The cover of the May 16, 2011 issue of The New Yorker features a cartoon by Gürbüz Doğan Ekşioğlu in which the image of recently killed terrorist Osama Bin Laden is erased. Titled “Rubbed Out,” the painting depicts the freshly erased face of Bin Laden with the well-used pink rubber eraser laid carelessly on top (detail shown above). Now that it is almost definite that the photos of the dead Bin Laden will not be shown to the public any time soon, this may be the closest, and most poignant, thing. Ekşioğlu’s cartoon made me think back to Robert Rauschenberg’s famous 1953 work, Erased de Kooning Drawing, which lived up to its title in every way. Looking back on Rauschenberg’s thinking may hold some answers for what this new image may hold for the legacy of Bin Laden and the War on Terror.

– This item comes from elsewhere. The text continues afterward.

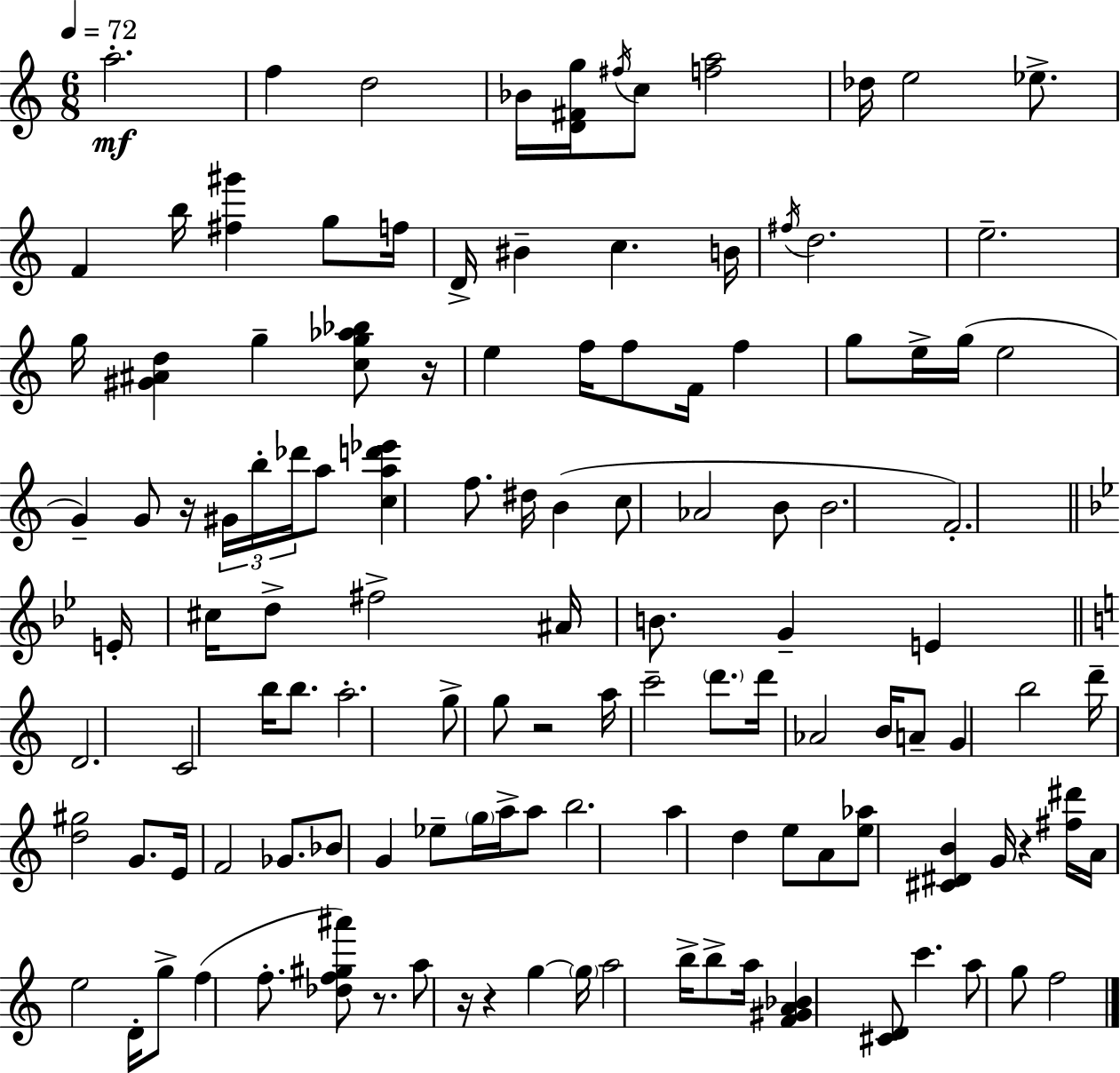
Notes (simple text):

A5/h. F5/q D5/h Bb4/s [D4,F#4,G5]/s F#5/s C5/e [F5,A5]/h Db5/s E5/h Eb5/e. F4/q B5/s [F#5,G#6]/q G5/e F5/s D4/s BIS4/q C5/q. B4/s F#5/s D5/h. E5/h. G5/s [G#4,A#4,D5]/q G5/q [C5,G5,Ab5,Bb5]/e R/s E5/q F5/s F5/e F4/s F5/q G5/e E5/s G5/s E5/h G4/q G4/e R/s G#4/s B5/s Db6/s A5/e [C5,A5,D6,Eb6]/q F5/e. D#5/s B4/q C5/e Ab4/h B4/e B4/h. F4/h. E4/s C#5/s D5/e F#5/h A#4/s B4/e. G4/q E4/q D4/h. C4/h B5/s B5/e. A5/h. G5/e G5/e R/h A5/s C6/h D6/e. D6/s Ab4/h B4/s A4/e G4/q B5/h D6/s [D5,G#5]/h G4/e. E4/s F4/h Gb4/e. Bb4/e G4/q Eb5/e G5/s A5/s A5/e B5/h. A5/q D5/q E5/e A4/e [E5,Ab5]/e [C#4,D#4,B4]/q G4/s R/q [F#5,D#6]/s A4/s E5/h D4/s G5/e F5/q F5/e. [Db5,F5,G#5,A#6]/e R/e. A5/e R/s R/q G5/q G5/s A5/h B5/s B5/e A5/s [F4,G#4,A4,Bb4]/q [C#4,D4]/e C6/q. A5/e G5/e F5/h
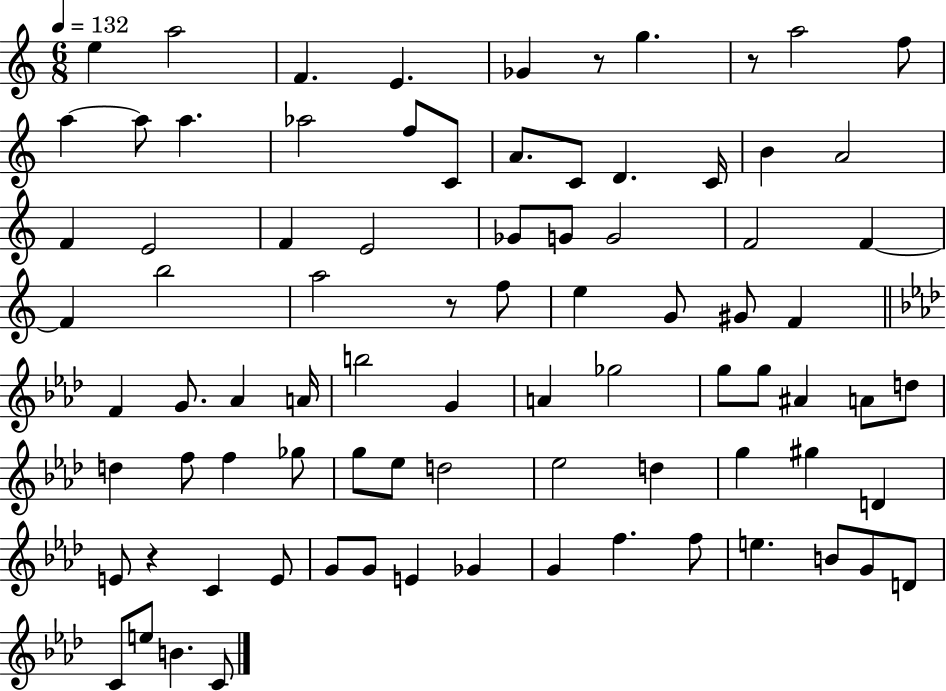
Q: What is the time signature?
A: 6/8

Ekşioğlu’s been one of the go-to artists for The New Yorker when attempting to put the emotions and ideas of The War on Terror and 9/11 into visual form specifically for a New York audience and in general for all Americans who read the magazine. For the September 15, 2003 cover, Ekşioğlu depicted the surviving New York City skyline all twinned in honor of the lost Twin Towers. Whereas Art Spiegelman’s unforgettable September 24, 2001 cover for The New Yorker captured perfectly the void the attacks left in the hearts of New Yorkers, Americans, and others around the world, Ekşioğlu’s covers have struck a lighter note in trying to fill that void with nostalgia for what once was. In this latest cover, it seems as if he wants to erase not only the face of Bin Laden, but also everything he did, as if we all could wake up tomorrow from some horrible nightmare and the towers and everything else would be back to normal.

“Rubbed Out” immediately brought to mind Rauschenberg’s infamous work of conceptual art from the early 1950s. Just a young artist himself trying to find his way, Rauschenberg wanted to strike back at the art establishment and find his niche in the pantheon. Armed with a fifth of Jack Daniels and that antiestablishment idea, Rauschenberg knocked on the door of the most famous American artist of the time, Willem de Kooning. Rauschenberg claimed later that he hoped de Kooning wouldn’t be home, but the Dutchman answered the door and invited him in. Over the bottle of Jack, the two artists discussed the idea of creating art by destroying art. Slightly skeptical and unhappy to have one of his works destroyed, de Kooning agreed to the project. Rauschenberg later recounted how de Kooning sifted through one portfolio only to close it, because he wanted to find something he’d truly miss. de Kooning looked through a second portfolio, this time seeking something not only that he’d miss, but also a work that would be difficult to erase. Rauschenberg claimed later that it took him a month to erase all traces of pencil, crayon, and charcoal from de Kooning’s drawing before titling it Erased de Kooning Drawing.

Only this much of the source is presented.